How to generate a list of subsets with restrictions?

https://stackoverflow.com/questions/1521589

19-09-2019
|

Question

I am trying to figure out an efficient algorithm to take a list of items and generate all unique subsets that result from splitting the list into exactly 2 sublists. I'm sure there is a general purpose way to do this, but I'm interested in a specific case. My list will be sorted, and there can be duplicate items.

Some examples:

Input
{1,2,3}

Output
{{1},{2,3}}
{{2},{1,3}}
{{3},{1,2}}

Input
{1,2,3,4}

Output
{{1},{2,3,4}}
{{2},{1,3,4}}
{{3},{1,2,4}}
{{4},{1,2,3}}
{{1,2},{3,4}}
{{1,3},{2,4}}
{{1,4},{2,3}}

Input
{1,2,2,3}

Output
{{1},{2,2,3}}
{{2},{1,2,3}}
{{3},{1,2,2}}
{{1,2},{2,3}}
{{1,3},{2,2}}

I can do this on paper, but I'm struggling to figure out a simple way to do it programmatically. I'm only looking for a quick pseudocode description of how to do this, not any specific code examples.

Any help is appreciated. Thanks.

Solution

The following C++ function does exactly what you need, but the order differs from the one in examples:

// input contains all input number with duplicates allowed
void generate(std::vector<int> input) {
  typedef std::map<int,int> Map;
  std::map<int,int> mp;
  for (size_t i = 0; i < input.size(); ++i) {
    mp[input[i]]++;
  }

  std::vector<int> numbers;
  std::vector<int> mult;
  for (Map::iterator it = mp.begin(); it != mp.end(); ++it) {
    numbers.push_back(it->first);
    mult.push_back(it->second);
  }

  std::vector<int> cur(mult.size());
  for (;;) {
    size_t i = 0;
    while (i < cur.size() && cur[i] == mult[i]) cur[i++] = 0;
    if (i == cur.size()) break;
    cur[i]++;
    std::vector<int> list1, list2;
    for (size_t i = 0; i < cur.size(); ++i) {
      list1.insert(list1.end(), cur[i], numbers[i]);
      list2.insert(list2.end(), mult[i] - cur[i], numbers[i]);
    }
    if (list1.size() == 0 || list2.size() == 0) continue;
    if (list1 > list2) continue;
    std::cout << "{{";
    for (size_t i = 0; i < list1.size(); ++i) {
      if (i > 0) std::cout << ",";
      std::cout << list1[i];
    }
    std::cout << "},{";
    for (size_t i = 0; i < list2.size(); ++i) {
      if (i > 0) std::cout << ",";
      std::cout << list2[i];
    }
    std::cout << "}\n";
  }
}

OTHER TIPS

If you were generating all subsets you would end up generating 2ⁿ subsets for a list of length n.

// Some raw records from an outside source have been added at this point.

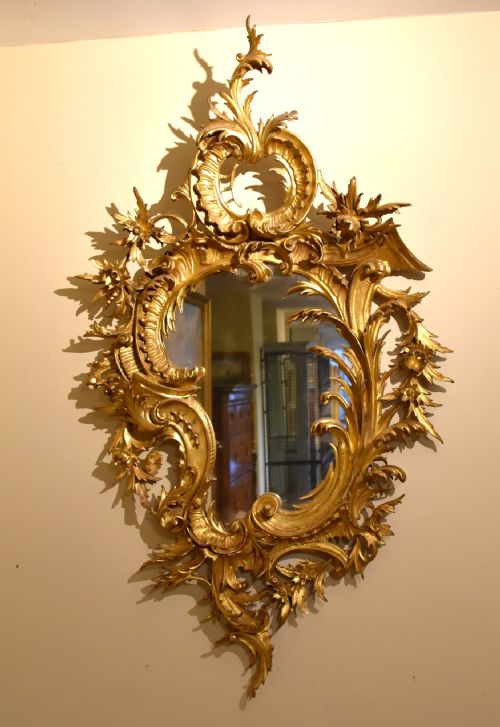 19th century carved gilt pier mirror - CATEGORY: ANTIQUE MIRRORS - DATED 19TH CENTURY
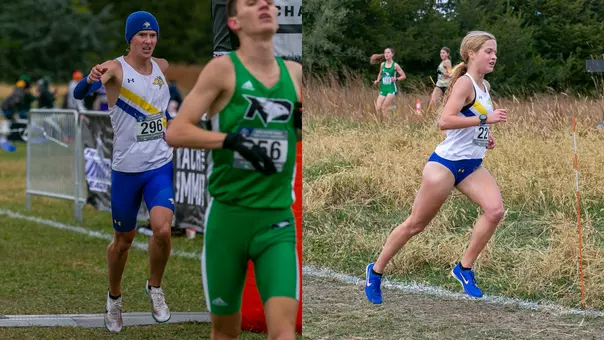 Two photos of cross country athletes, one male, one female, running at a race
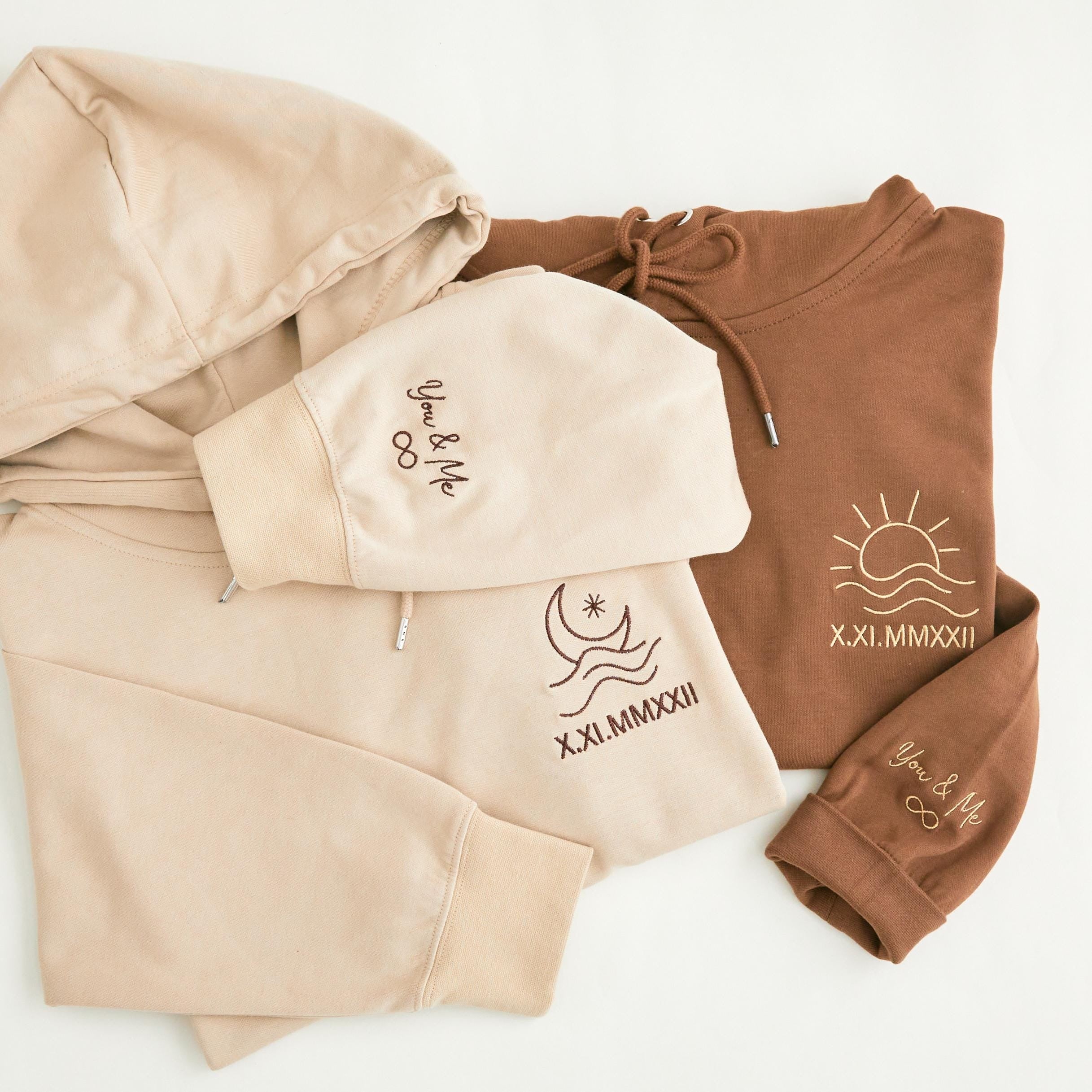 Personalized Couple Hoodie, Sun & Moon Embroidery, Custom Roman Numerals Sweatshirt, His and Hers Outfit, Wedding Gift, Anniversary Hoodie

A common way to do this is to iterate through all the numbers i from 0 to 2ⁿ-1 and use the bits that are set in i to determine which items are in the ith subset. This works because any item either is or is not present in any particular subset, so by iterating through all the combinations of n bits you iterate through the 2ⁿ subsets.

For example, to generate the subsets of (1, 2, 3) you would iterate through the numbers 0 to 7:

0 = 000_b → ()
1 = 001_b → (1)
2 = 010_b → (2)
3 = 011_b → (1, 2)
4 = 100_b → (3)
5 = 101_b → (1, 3)
6 = 110_b → (2, 3)
7 = 111_b → (1, 2, 3)

In your problem you can generate each subset and its complement to get your pair of mutually exclusive subsets. Each pair would be repeated when you do this so you only need to iterate up to 2^n-1 - 1 and then stop.

1 = 001_b → (1) + (2, 3)
2 = 010_b → (2) + (1, 3)
3 = 011_b → (1, 2) + (3)

To deal with duplicate items you could generate subsets of list indices instead of subsets of list items. Like with the list (1, 2, 2, 3) generate subsets of the list (0, 1, 2, 3) instead and then use those numbers as indices into the (1, 2, 2, 3) list. Add a level of indirection, basically.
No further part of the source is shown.